— WHAT IS EXPECTED —
Print exactly, and only, the lines from the one that has "a bedroom with" through the end of the material below, with both ends included and the pictures omitted.

— DATA —

————

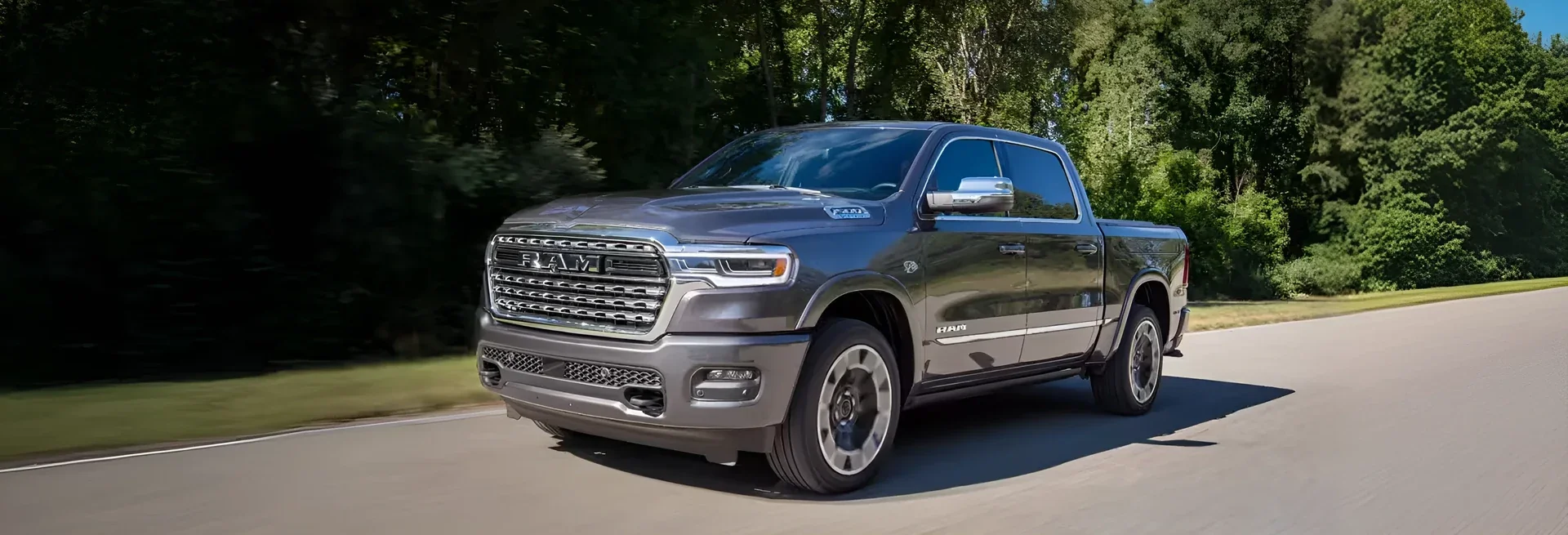 A grey 2026 Ram 1500 on a tree-lined road.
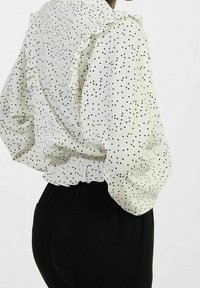 Witte blouse met zwarte stippen, gerimpelde kraag, elastische taille en volumineuze mouwen. Zwarte broek zichtbaar aan de onderkant.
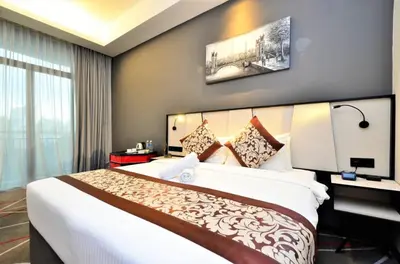 a bedroom with a large bed in a room at Red M101 Dang Wangi By Oak Tree in Kuala Lumpur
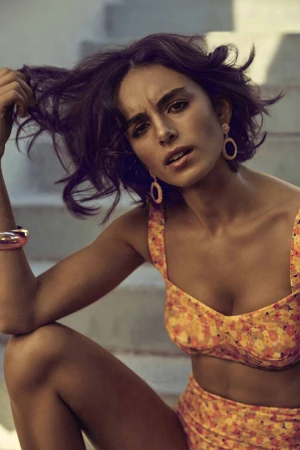 Woman in floral bikini holding her dark hair, wearing hoop earrings, posed outdoors against concrete stairs, photographed by Karima Asaad.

————

— SOLUTION FOR THIS EXERCISE —
 a bedroom with a large bed in a room at Red M101 Dang Wangi By Oak Tree in Kuala Lumpur
 Woman in floral bikini holding her dark hair, wearing hoop earrings, posed outdoors against concrete stairs, photographed by Karima Asaad.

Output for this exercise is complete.